The Irish have been celebrating this holiday for over 1,000 years. Celebrations include public parades, festivals, music, dancing and the wearing of green in honor of the Irish heritage. Parades and festivals are very common in Ireland for the holiday, but oddly enough the first parade to celebrate St. Patrick’s Day was in the United States. The first parade celebration was held in New York City where Irish soldiers walked the streets to reconnect with their Irish roots.
Saint Patrick’s Day became a holy day of obligation and a feast day for the Roman Catholics in Ireland in the 17th century. Being the patron of Ireland, Saint Patrick’s feast day was put on the calendar for the Catholic Church. It was seen as a day to honor Saint Patrick’s life and the arrival of Christianity in Ireland. However, there is very little known about St. Patrick and his background. What we do know is that Saint Patrick was born in Roman Britain and was kidnapped and brought to Ireland as a slave in the fifth century. He escaped Ireland but returned later to bring back Christianity to the people of Ireland. He was seen as a hero and was made into the patron of Ireland.

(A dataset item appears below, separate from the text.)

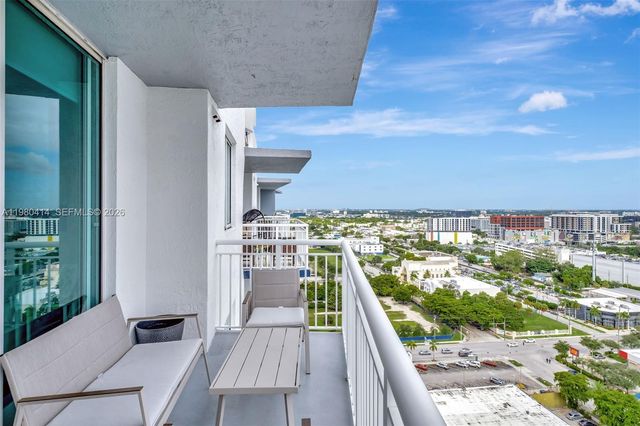 275 NE 18th St PH-09, Miami, FL 33132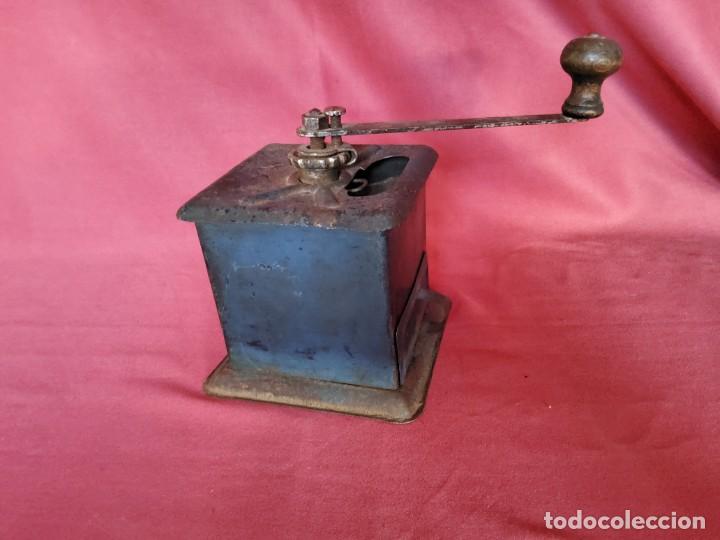 Antig&uuml;edades: MOLINILLO DE CAF&Eacute; ANTIGUO, DE CHAPA - Foto 4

Falling in the middle of lent, people used to only attend and celebrate the holiday in church. They were not able to eat or drink what they wanted due to the religious restrictictions. However, in the 20th century the church started to waive the Lenten prohibitions so people were allowed to dance, eat meat, and drink on this special occasion. Ireland repealed the law and reopened the pubs granting the people to celebrate the holiday without any restrictions.
On St. Patrick’s Day it is customary to see large crowds of people wearing shamrocks and green attire. But what does this all stand for? According to legends, St. Patrick used a shamrock as the three-leaved plant to explain the Holy Trinity (Father, Son, Holy Spirit). Many people associate the holiday with the color green however, it was not until the Irish Rebellion in 1798 that the color was officially associated with the holiday. Before the rebellion St. Patrick’s Day was associated with the color blue, being the color in the royal court and on the ancient Irish flags. As the rebellion began the Irish decided to wear green after seeing the British wear their red attire.
Today St. Patrick’s Day is celebrated all around the world, especially in the United States. If you celebrate make sure to remember the history of Saint Patrick and to honor the Irish heritage. Happy St. Patrick’s Day!